E, poiché Demétrio Magnoli afferma che “(il mio) articolo [sul 1948!] riguarda la guerra attuale”, sarebbe stato bello se, nei loro articoli, il critico e il calunniatore avessero detto una parola su ciò che il sito Palestina oggi ha riassunto così: “Un missile da 100 dollari, lanciato da un aereo da 20 milioni di dollari, viaggiando al costo di 13 dollari l’ora, per uccidere persone che vivono con meno di un dollaro al giorno nella Striscia di Gaza. Non è guerra, è genocidio”, opinione condivisa da Luís Moreno Ocampo, primo procuratore capo della Corte penale internazionale (International Criminal Court), e dallo storico israeliano e direttore del Master in Studi sull'Olocausto e il Genocidio presso l'Università di Stockton, Raz Segal, che il 2023 ottobre XNUMX ha pubblicato un articolo sulla rivista Correnti ebraiche, affermando che l'attacco in corso costituisce “un classico caso di genocidio”.
Shalom e assalamu aleikum (in qualsiasi ordine, poiché non cambia il risultato).
*Arlene Clemesha è professore di storia araba contemporanea presso l'Università di San Paolo (DLO-USP). Autore, tra gli altri, di Marxismo ed ebraismo: storia di un rapporto difficile (Boitempo) [https://amzn.to/3GnnLwF]
Originariamente pubblicato sul giornale Folha de S. Paul.
Riferimenti
Adel Manna. Nakba e sopravvivenza: la storia dei palestinesi rimasti ad Haifa e in Galilea. Stampa dell'Università della California, 2022.
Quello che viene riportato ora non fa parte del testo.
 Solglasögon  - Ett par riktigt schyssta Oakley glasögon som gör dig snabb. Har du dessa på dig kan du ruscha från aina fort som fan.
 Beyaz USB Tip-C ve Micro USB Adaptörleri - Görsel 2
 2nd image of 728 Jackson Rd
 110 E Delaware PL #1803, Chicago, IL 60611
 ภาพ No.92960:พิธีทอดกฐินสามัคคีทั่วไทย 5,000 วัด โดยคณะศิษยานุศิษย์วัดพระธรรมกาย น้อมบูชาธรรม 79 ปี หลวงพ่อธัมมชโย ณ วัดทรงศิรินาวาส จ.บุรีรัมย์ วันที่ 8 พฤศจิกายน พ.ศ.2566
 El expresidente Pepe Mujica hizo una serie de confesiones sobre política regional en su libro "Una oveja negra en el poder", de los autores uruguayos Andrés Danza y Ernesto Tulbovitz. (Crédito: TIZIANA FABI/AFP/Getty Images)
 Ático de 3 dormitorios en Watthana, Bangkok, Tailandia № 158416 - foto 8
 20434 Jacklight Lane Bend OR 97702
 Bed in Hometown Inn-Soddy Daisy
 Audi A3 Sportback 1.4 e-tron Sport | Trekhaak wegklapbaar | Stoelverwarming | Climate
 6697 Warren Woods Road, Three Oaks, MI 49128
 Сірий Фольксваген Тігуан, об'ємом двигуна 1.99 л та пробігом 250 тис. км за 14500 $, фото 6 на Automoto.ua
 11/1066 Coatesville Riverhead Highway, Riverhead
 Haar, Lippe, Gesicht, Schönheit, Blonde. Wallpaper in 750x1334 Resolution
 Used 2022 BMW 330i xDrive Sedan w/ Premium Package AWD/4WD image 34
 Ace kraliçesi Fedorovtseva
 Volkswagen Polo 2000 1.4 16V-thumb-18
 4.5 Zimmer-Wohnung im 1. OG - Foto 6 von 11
Ari Shavit. La sopravvivenza del più forte. Intervista a Benny Morris. Haaretz, 8 gennaio 2004. Disponibile su https://www.haaretz.com/2004-01-08/ty-article/survival-of-the-fittest/0000017f-e874-dc7e-adff-f8fdc87a0000).
Avi Shlaim. Il dibattito intorno al 1948. International Journal of Middle East Studies, Vol. 27, N. 3, 1995, pag. 287-304.
Eugene Rogan e Avi Shlaim. La guerra per la Palestina: riscrivere la storia del 1948. Cambridge: CambridgeUniversityPress, 2007.
Ilan Pappe. La pulizia etnica della Palestina. Oxford: Oneworld, 2007 (2a edizione).
Khoury, Elias. Ripensare la Nakba, Indagine critica, Vol. 38, N. 2, Chicago: The University of Chicago Press, 2012, pp. 250-266.
Michael Fischbach, Documenti di espropriazione. Proprietà dei rifugiati palestinesi e conflitto arabo-israeliano. Il Cairo: American University in Cairo Press/Columbia University Press, 2004.
Raz Segal. Un caso da manuale di genocidio. Correnti ebraiche, 13 ottobre 2023. https://jewishcurrents.org/a-textbook-case-of-genocide
la terra è rotonda esiste grazie ai nostri lettori e sostenitori.
Aiutaci a portare avanti questa idea.